-- Data shown follows --
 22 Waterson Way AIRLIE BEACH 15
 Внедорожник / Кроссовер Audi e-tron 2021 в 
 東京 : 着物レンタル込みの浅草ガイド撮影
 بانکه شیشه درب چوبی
-- Data shown concluded --
-- Data shown follows --
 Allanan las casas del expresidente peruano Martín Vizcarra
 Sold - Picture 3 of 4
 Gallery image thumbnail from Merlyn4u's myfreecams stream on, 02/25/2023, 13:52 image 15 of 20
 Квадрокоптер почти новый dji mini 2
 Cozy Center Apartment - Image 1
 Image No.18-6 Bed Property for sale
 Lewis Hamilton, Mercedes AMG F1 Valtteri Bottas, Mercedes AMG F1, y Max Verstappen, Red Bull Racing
-- Data shown concluded --
## Exercise requirements
Print exactly the lines above from the one with "Квадрокоптер почти новый dji mini 2" to the one with "Lewis Hamilton, Mercedes", including both.

## Solution to this exercise
 Квадрокоптер почти новый dji mini 2
 Cozy Center Apartment - Image 1
 Image No.18-6 Bed Property for sale
 Lewis Hamilton, Mercedes AMG F1 Valtteri Bottas, Mercedes AMG F1, y Max Verstappen, Red Bull Racing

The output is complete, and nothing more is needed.